Published in The History of Parliament: the House of Commons 1790-1820, ed. R. Thorne, 1986
Available from Boydell and Brewer

Constituency

Dates

1790 - 1796

Family and Education

b. c.1734. m. Deborah (d. 2 Nov. 1810, aged 78), s.p. (2s. illegit. by Sarah Marsh of Ashwell, Herts). Kntd. 1 Feb. 1793.

Offices Held

Biography

Coxhead appeared as a cooper (1770) and timber merchant (1774) at Great Hermitage Street, Wapping, in the London trade directories. At the time he entered Parliament he was a stave merchant in partnership with one Stephens; a London liveryman; and a Middlesex freeholder. The partnership was later joined by his illegitimate son Thomas Coxhead Marsh (1780-1847), with premises at the Unicorn Wharf, Wapping. In 1781 he purchased an Essex estate from Lord Valentia’s trustees.1

Through Sir Benjamin Hammet*, Coxhead was introduced to John Mortlock who, when he gave up the patronage of Cambridge to the 4th Duke of Rutland in 1787, stipulated for Coxhead to come in at the next general election.
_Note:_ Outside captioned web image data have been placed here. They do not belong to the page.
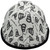 Don't Tread On Me White Hydro Dipped Cap Style Hard Hat Edge Back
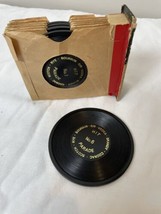 Hit Parade Set Of Vintage Vinyl Record Coasters - £22.17 GBP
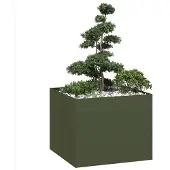vidaXL Jardinière vert olive 100x100x80 cm acier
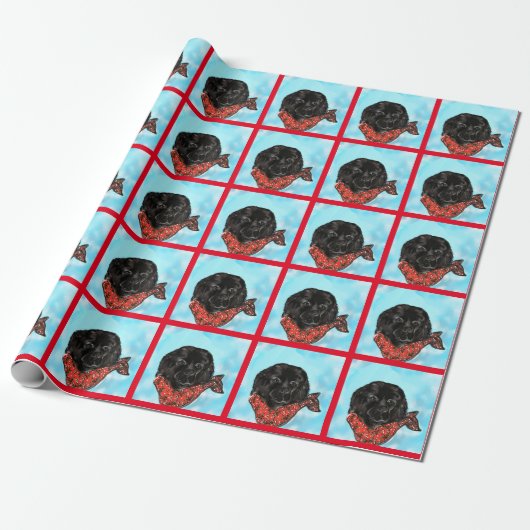Newfoundland Dog Cadeaupapier (Uitgerold)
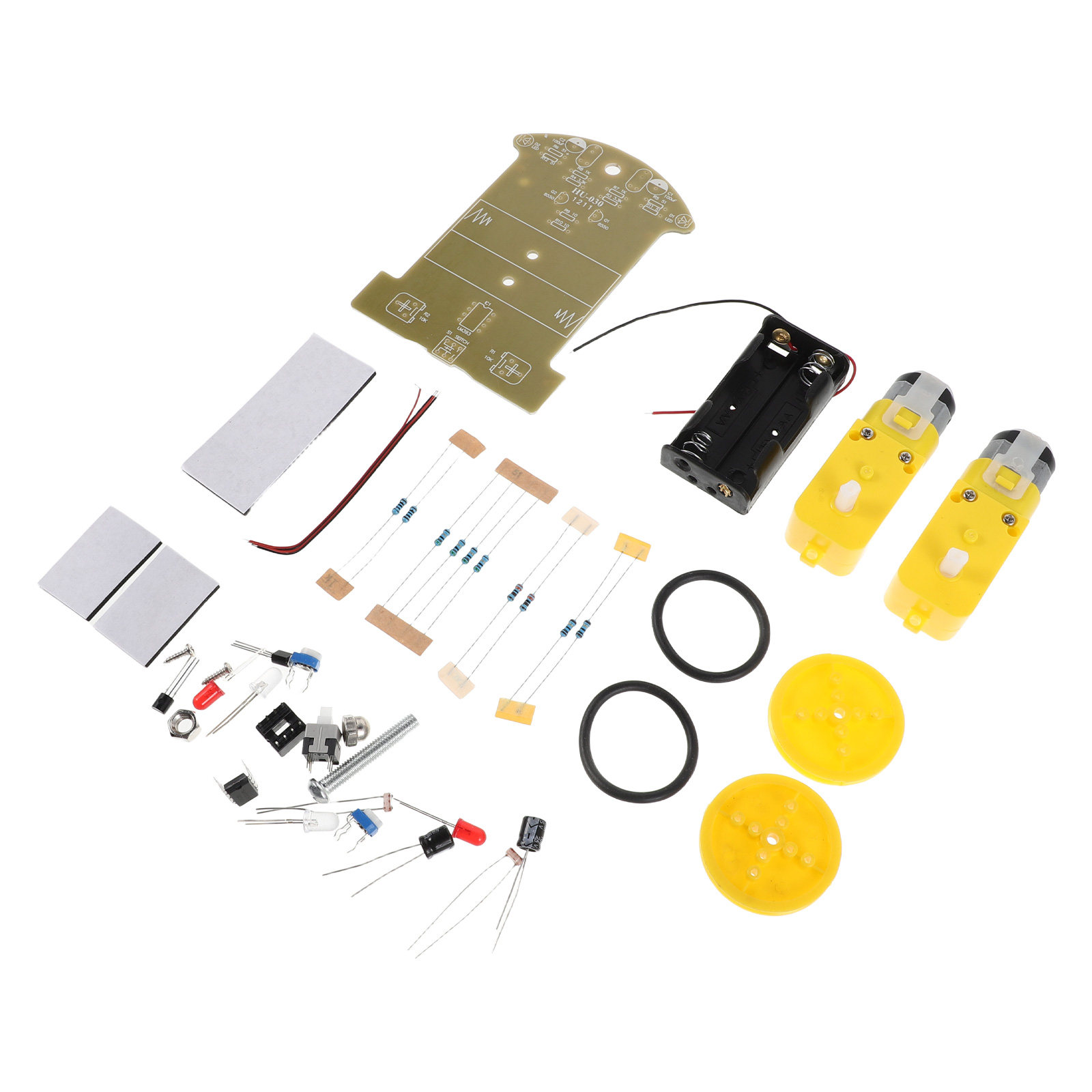 Diy Robot Electronics Kit - 1セット スマートカーキット DIY インテリジェント追跡ロボット STEM教育 はんだ付けプロジェクト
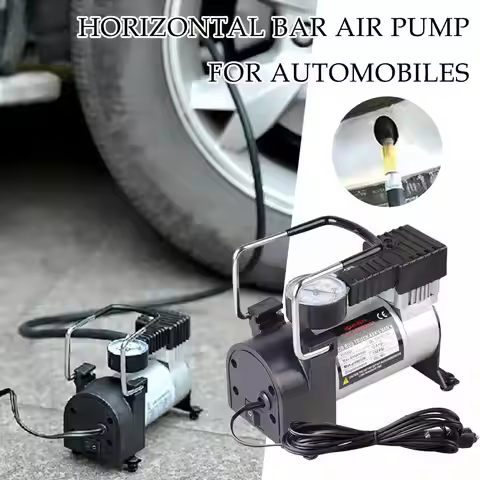 12v Air Compressor Electric Inflator Air Pump Portable Car Pump Car Single Cylinder Accessories Moto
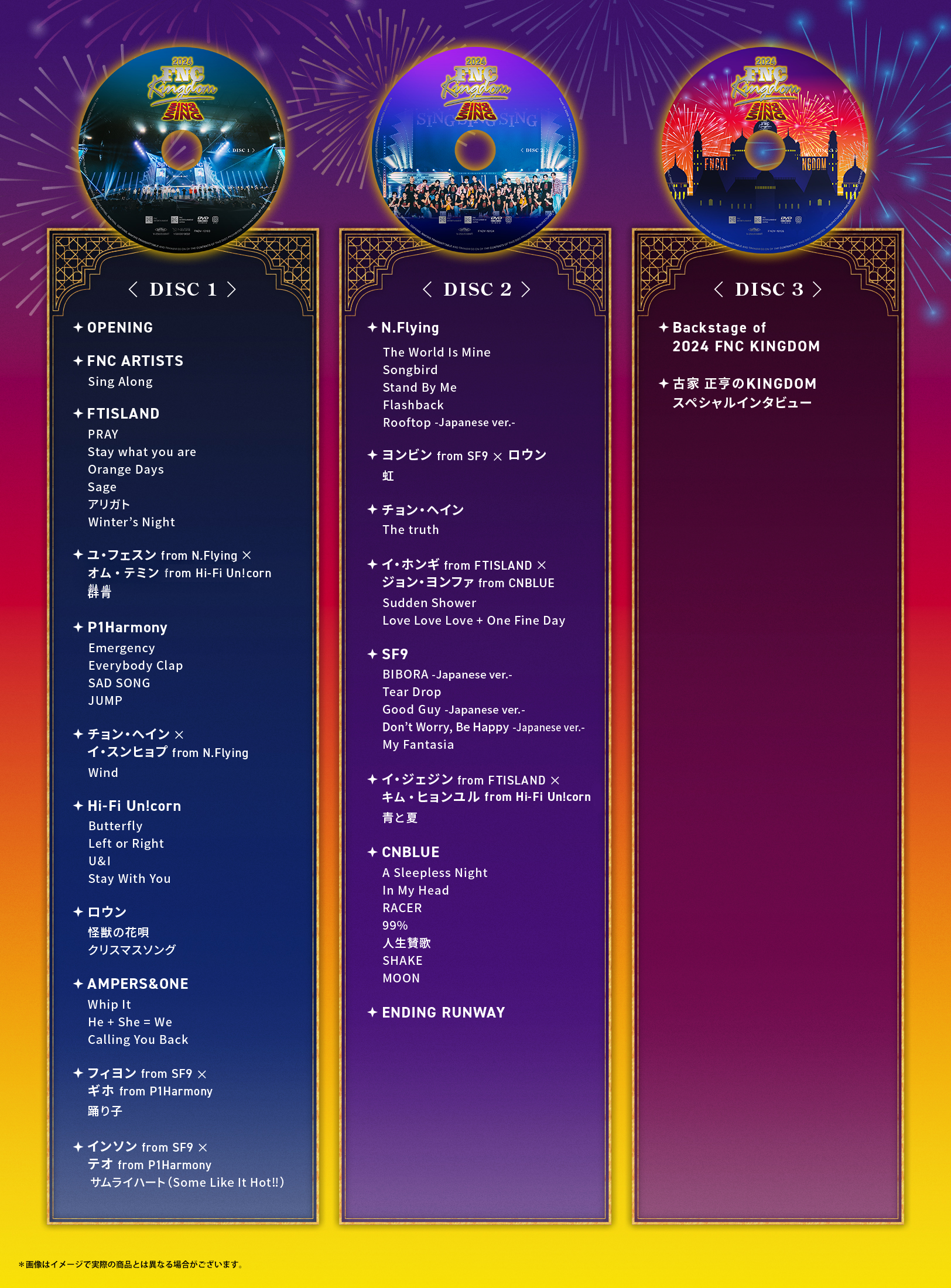 CNBLUE FNC KINGDOM COMPLETE BOX」予約延長決定＆オリジナル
It would appear that Coxhead had paid £3,000 in advance. This was modified on the suggestion of Rutland’s plenipotentiary, the bishop of Ferns, in order to make the transfer of interest less obvious, and Hammet agreed that Coxhead should be returned for Bramber. After the bishop’s death Coxhead was ‘fearful of anything being misunderstood’, so Hammet introduced him to the duchess and the arrangement was confirmed ‘with the addition on the part of Sir B. H. of Mr C.’s being friendly to Mr Pitt’s and the Rutland interest, which was no part of the original engagement’.2

Coxhead accordingly supported the ministry. He was listed hostile to the repeal of the Test Act in Scotland in 1791. His only speech, it seems, was on 12 Feb. 1796, on Whitbread’s labourers’ wages bill, when he praised Pitt and assured the House from his own knowledge that the farmers and gentry of Worcestershire were as forward in relieving the poor as those of any other county. It was evidently not the intention to bring in Coxhead again for Bramber;3 but in February 1796 he again expressed his wish of the previous year to vacate, because his health and that of his wife obliged him ‘to live very much in the country’ (at Epping) so that he was unable to attend the House. He suggested that Hammet’s son should occupy the seat for the remainder of that Parliament, but the young Duke of Rutland’s guardians were averse to this, so Coxhead retained his seat until the dissolution. The duchess, who had no other nominee in mind, seemed ‘to wish that Sir Thomas Coxhead might continue his seat, though he cannot attend the House’.4

In his will Coxhead, who had subscribed £1,000 to the loyalty loan for 1797, and had two votes as an East India company stockholder by 1806, bequeathed £30,000 to his wife in lieu of ‘dower and thirds’, (she predeceased him) and left the bulk of his estate between his two illegitimate sons. He died 24 Nov. 1811, ‘aged 77’.5

Ref Volumes: 1790-1820

Author: M. H. Port

Notes

  • 1. VCH Essex , iv. 268.
  • 2. PRO 30/8/112, f. 159; Add. 35393, f. 49.
  • 3. PRO 30/8/174, f. 265.
  • 4. PRO 30/8/112, ff. 213-16.
  • 5. PCC 525 Crickitt; Gent. Mag. (1811), ii. 590.